*Task details*:
Copy every record that follows, word for word.
+ + +
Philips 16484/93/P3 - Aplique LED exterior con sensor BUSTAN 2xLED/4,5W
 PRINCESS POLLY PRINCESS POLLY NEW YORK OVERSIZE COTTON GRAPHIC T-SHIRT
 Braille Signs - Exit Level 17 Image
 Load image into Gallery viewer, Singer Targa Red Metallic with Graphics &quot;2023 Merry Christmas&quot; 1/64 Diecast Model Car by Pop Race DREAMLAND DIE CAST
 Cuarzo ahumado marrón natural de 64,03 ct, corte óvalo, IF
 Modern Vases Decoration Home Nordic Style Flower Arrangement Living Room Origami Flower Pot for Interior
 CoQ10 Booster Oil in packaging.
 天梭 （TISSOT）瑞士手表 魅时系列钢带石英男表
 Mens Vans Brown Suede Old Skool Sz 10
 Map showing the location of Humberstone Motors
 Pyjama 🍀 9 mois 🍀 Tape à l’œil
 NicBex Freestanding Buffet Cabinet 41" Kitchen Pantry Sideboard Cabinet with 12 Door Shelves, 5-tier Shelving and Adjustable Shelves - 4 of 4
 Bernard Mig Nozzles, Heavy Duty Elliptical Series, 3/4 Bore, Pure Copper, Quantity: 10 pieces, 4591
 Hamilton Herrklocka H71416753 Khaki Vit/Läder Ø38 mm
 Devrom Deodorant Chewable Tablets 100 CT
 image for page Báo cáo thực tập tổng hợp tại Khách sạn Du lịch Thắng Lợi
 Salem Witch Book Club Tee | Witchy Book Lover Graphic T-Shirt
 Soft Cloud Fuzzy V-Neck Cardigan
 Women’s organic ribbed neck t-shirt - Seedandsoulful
+ + +
*Reply to the task*:
Philips 16484/93/P3 - Aplique LED exterior con sensor BUSTAN 2xLED/4,5W
 PRINCESS POLLY PRINCESS POLLY NEW YORK OVERSIZE COTTON GRAPHIC T-SHIRT
 Braille Signs - Exit Level 17 Image
 Load image into Gallery viewer, Singer Targa Red Metallic with Graphics &quot;2023 Merry Christmas&quot; 1/64 Diecast Model Car by Pop Race DREAMLAND DIE CAST
 Cuarzo ahumado marrón natural de 64,03 ct, corte óvalo, IF
 Modern Vases Decoration Home Nordic Style Flower Arrangement Living Room Origami Flower Pot for Interior
 CoQ10 Booster Oil in packaging.
 天梭 （TISSOT）瑞士手表 魅时系列钢带石英男表
 Mens Vans Brown Suede Old Skool Sz 10
 Map showing the location of Humberstone Motors
 Pyjama 🍀 9 mois 🍀 Tape à l’œil
 NicBex Freestanding Buffet Cabinet 41" Kitchen Pantry Sideboard Cabinet with 12 Door Shelves, 5-tier Shelving and Adjustable Shelves - 4 of 4
 Bernard Mig Nozzles, Heavy Duty Elliptical Series, 3/4 Bore, Pure Copper, Quantity: 10 pieces, 4591
 Hamilton Herrklocka H71416753 Khaki Vit/Läder Ø38 mm
 Devrom Deodorant Chewable Tablets 100 CT
 image for page Báo cáo thực tập tổng hợp tại Khách sạn Du lịch Thắng Lợi
 Salem Witch Book Club Tee | Witchy Book Lover Graphic T-Shirt
 Soft Cloud Fuzzy V-Neck Cardigan
 Women’s organic ribbed neck t-shirt - Seedandsoulful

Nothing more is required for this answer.